Then, $T_{uv}$ $\ge$ $d_{uv}$ is true. Proof is like follow. If $d_{uv}$ $<$ $4$ then, $T_{uv}$ $\ge$ $d_{uv}$ because $T_{uv}$ $\ge$ $4$. Notice that $T_{uv}$ $\ge$ $4$ is true because all edges in the $T$ is bigger or equal than $2$ and there should be at least one parent to go $v$ from $u$. Now, other cases are $d_{uv}$ $\ge$ $4$. Frist, $d_{uv}$ $\le$ $\sum\limits_{k = 0}^{[\log_2 d_{uv}]} 2^k$ because RHS is bigger than a binary representation of $d_{uv}$. Then, $d_{uv}$ $\le$ $\sum\limits_{k = 0}^{[\log_2 d_{uv}]} 2^k$ $=$ $\sum\limits_{k = 1}^{[\log_2 d_{uv}]} 2^k$ $+$ $1$ $\le$ $\sum\limits_{k = 1}^{[\log_2 d_{uv}]} 2^k$ $+$ $\sum\limits_{k = 1}^{[\log_2 d_{uv}]} 2^k$ $=$ $2\sum\limits_{k = 1}^{[\log_2 d_{uv}]} 2^k$ $\le$ $T_{uv}$. Notice that last inequality comes from the fact 2 above.

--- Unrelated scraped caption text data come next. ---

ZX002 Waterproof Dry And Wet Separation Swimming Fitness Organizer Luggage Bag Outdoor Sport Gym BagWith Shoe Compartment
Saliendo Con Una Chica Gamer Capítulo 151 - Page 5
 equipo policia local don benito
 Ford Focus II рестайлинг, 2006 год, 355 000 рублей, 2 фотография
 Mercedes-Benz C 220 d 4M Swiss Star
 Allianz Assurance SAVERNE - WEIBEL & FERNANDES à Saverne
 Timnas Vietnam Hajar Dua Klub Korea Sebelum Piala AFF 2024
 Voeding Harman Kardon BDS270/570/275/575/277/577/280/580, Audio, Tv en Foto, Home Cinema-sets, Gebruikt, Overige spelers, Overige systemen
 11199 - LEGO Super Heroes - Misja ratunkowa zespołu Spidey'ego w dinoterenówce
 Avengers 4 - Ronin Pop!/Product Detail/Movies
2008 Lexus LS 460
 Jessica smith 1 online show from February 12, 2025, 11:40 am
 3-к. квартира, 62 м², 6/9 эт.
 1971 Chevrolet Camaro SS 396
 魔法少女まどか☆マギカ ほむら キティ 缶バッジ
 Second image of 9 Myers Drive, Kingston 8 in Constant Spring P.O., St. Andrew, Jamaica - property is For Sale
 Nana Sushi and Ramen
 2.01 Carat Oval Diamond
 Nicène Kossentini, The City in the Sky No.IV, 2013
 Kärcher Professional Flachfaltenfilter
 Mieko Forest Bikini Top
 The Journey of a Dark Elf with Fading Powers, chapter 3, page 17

If we think about path from $u$ to $v$, it should go to at least level $[\log_2 d_{uv}]$ because it can’t belongs to the same node untill level $[\log_2 d_{uv}] - 1$. Also, $2\sum\limits_{k = 1}^{[\log_2 d_{uv}]} 2^k$ is a sum of length from $u$ to $v$ via level $[\log_2 d_{uv}]$. Therefore, claim holds.

Now there are only one thing to show that $E[T_{uv}]$ $\le$ $O(\ln \left\vert V \right\vert)d_{uv}$.

To show this, there some terminologies to define.

$\mathcal{A}_{uv}$ is the least common ancestor of $u$ and $v$.
We say $w$ settles the pair $(u, v)$ on level $i$ if $w$ is the first vertex in $\pi$ such that at least one of $u, v$ is in $B(w, r_i)$.
We say $w$ cuts $(u, v)$ on level $i$ if exactly one of $u, v$ is in $B(w, r_i)$.
$X_{iw}(u,v)$ is the event that $w$ cuts $(u, v)$ on level $i$.
$S_{iw}(u,v)$ is the event that $w$ settles $(u, v)$ on level $i$.
$\mathbb{1}(x)$ is the indicator function: $1$ if $x$ is true, $0$ otherwise.

First, $T_{uv}$ $=$ $2\sum_{k=1}^{\mathcal{L}_{\mathcal{A}_{uv}}}2^k$ $=$ $2(2^{\mathcal{L}_{\mathcal{A}_{uv}} + 1} - 2)$ $=$ $2^{\mathcal{L}_{\mathcal{A}_{uv}} + 2} - 4$ $\le$ $2^{\mathcal{L}_{\mathcal{A}_{uv}} + 2}$.

Then, $T_{uv}$ $\le$ $\max\limits_{i = 0}^{\log_2 \Delta - 1} \mathbb{1}(\exists X_{iw}(u,v) \cap S_{iw}(u,v) \text{ for } w \in V) 2^{i + 3}$.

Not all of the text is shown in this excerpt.